Preparation Time : 11-15 minutes

Cooking time : 16-20 minutes

Servings : 4

Omlette Rassa

Main Ingredients

Eggs, Tomatoes




Main Course-Egg

Level Of Cooking



  • Eggs
  • Tomatoes
    3 medium
  • Oil
    2 tablespoons
  • Bay leaves
  • Cinnamon stick
    2 inch sti
  • Black cardamoms
  • Black peppercorns
    1 teaspoon
  • Ginger
    1 inch
  • Garlic cloves
  • Coriander powder
    1 tablespoon
  • Red chilli powder
    1/2 teaspoon
  • Turmeric powder
    a pinch
  • Garam masala powder
    1/2 teaspoon
  • Bhuna masala
    130 grams
  • Tamarind paste
    1 teaspoon
  • Fresh coriander leaves finely chopped
    2-3 tablespoons


Step 1

Heat oil in a non-stick pan, add bay leaves, cinnamon, black cardamoms and black peppercorns and saute till fragrant.

Step 2

Finely chop ginger, mash garlic cloves and add both to the pan and sauté for 2-3 minutes.

Step 3

Roughly chop tomatoes and puree them.

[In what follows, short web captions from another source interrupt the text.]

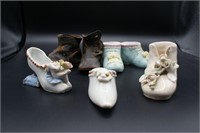 Variety Lot of Childs Porcelain and Leather Shoes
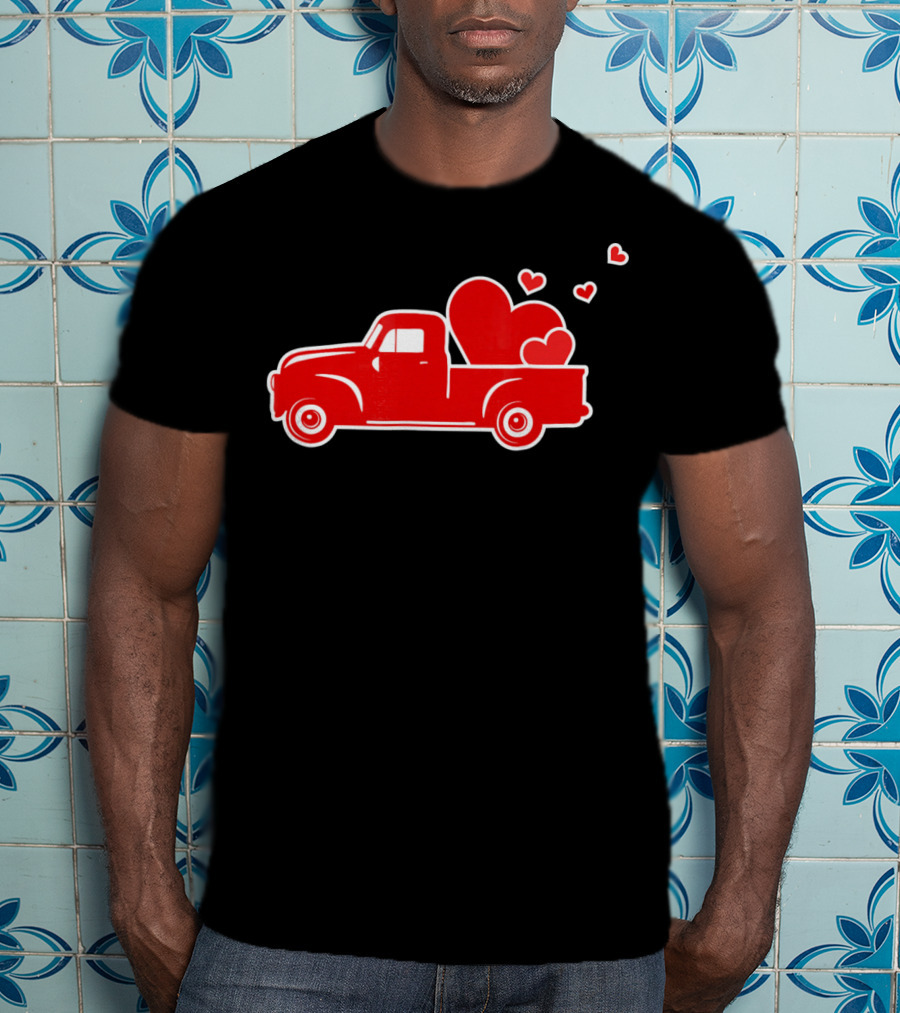 Toddler Boy Heart Truck Valentine T-Shirt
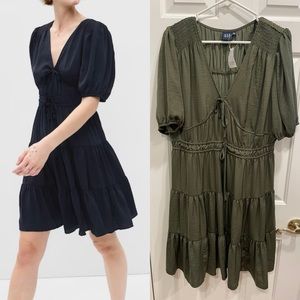 NWT Gap Tie-Front Tiered Mini Dress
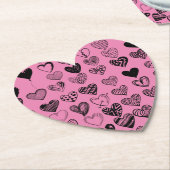 Adorable Black Heart Scribble Zeichnend Square Pap Untersetzer (angewinkelt)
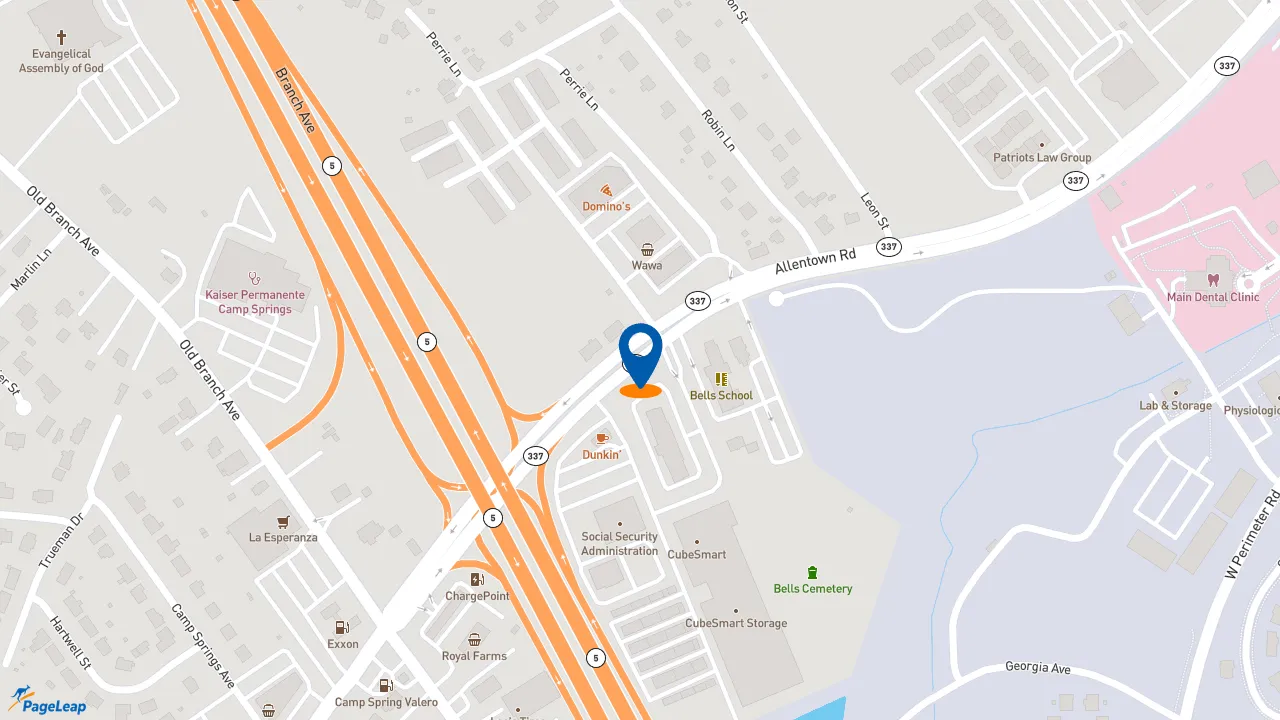 https://pageleap.com map showing location of Dunkin&#039; in Camp Springs.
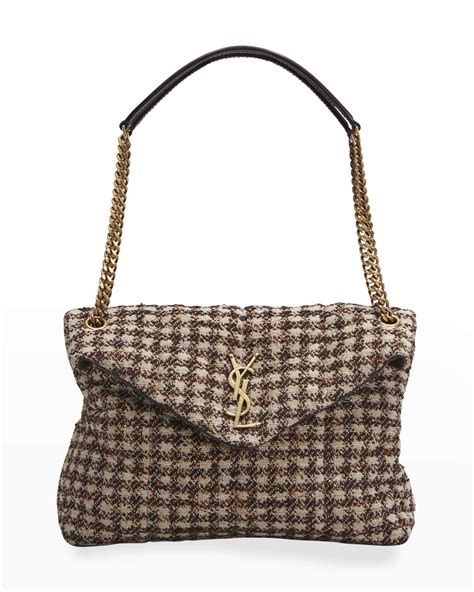 ysl tweed puffer bag|ysl puffer bag large.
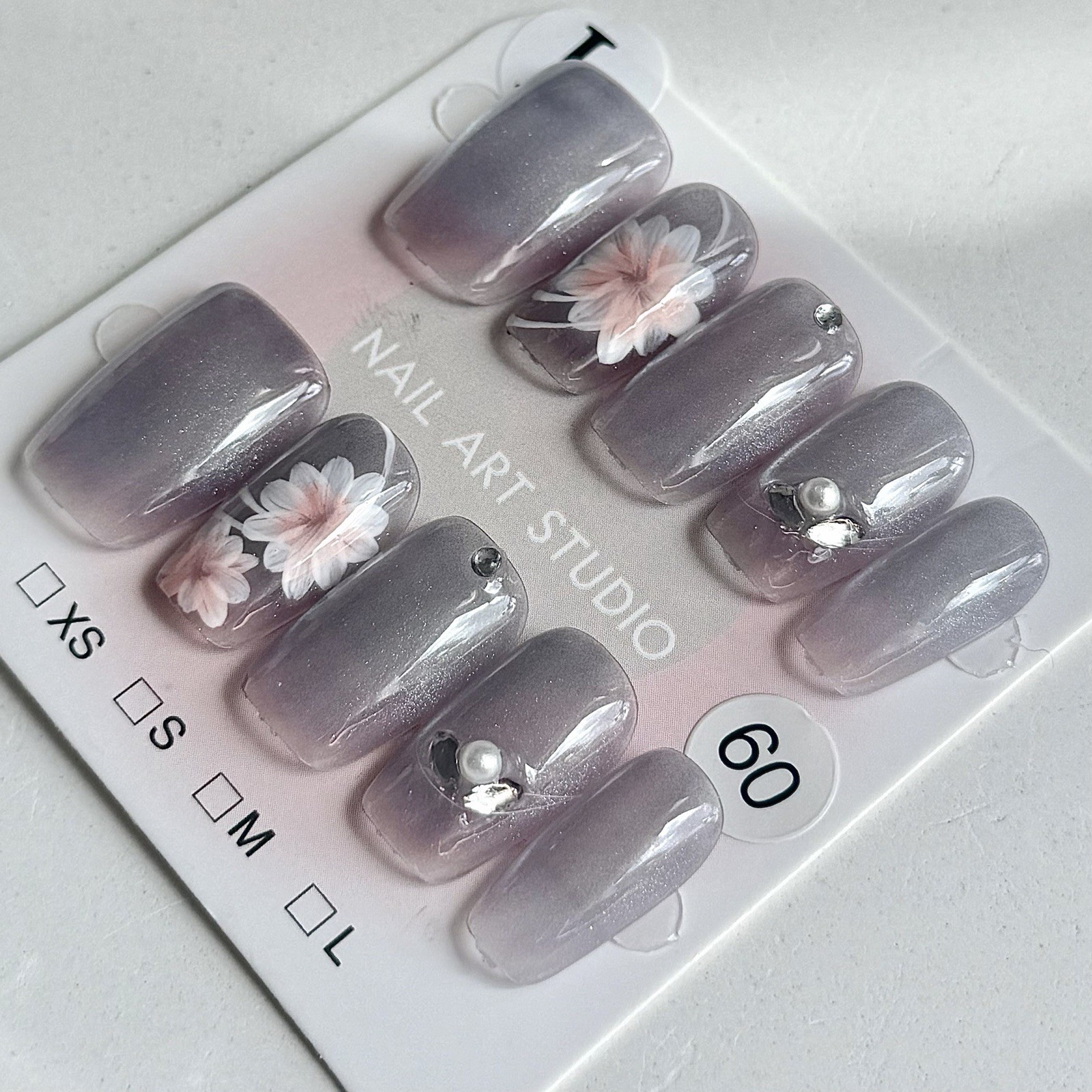 Hand Painted Flower Press-On Nails Medium Square Size L Reusable Fake Nail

Add to the pan and sauté for 3-4 minutes.

Step 4

Add coriander powder, red chilli powder, turmeric powder and garam masala powder and mix well.

Step 5

Add bhuna masala and sauté for ½ minute. Add 3-4 cups of water, tamarind paste and mix. Allow the rassa to come to a boil.

Step 6

Break eggs into a bowl and whisk well. With a teaspoon drizzle the whisked egg into the rassa and cook for 1-2 minutes.

Step 7

Add coriander leaves and mix. Transfer into a serving bowl and serve hot.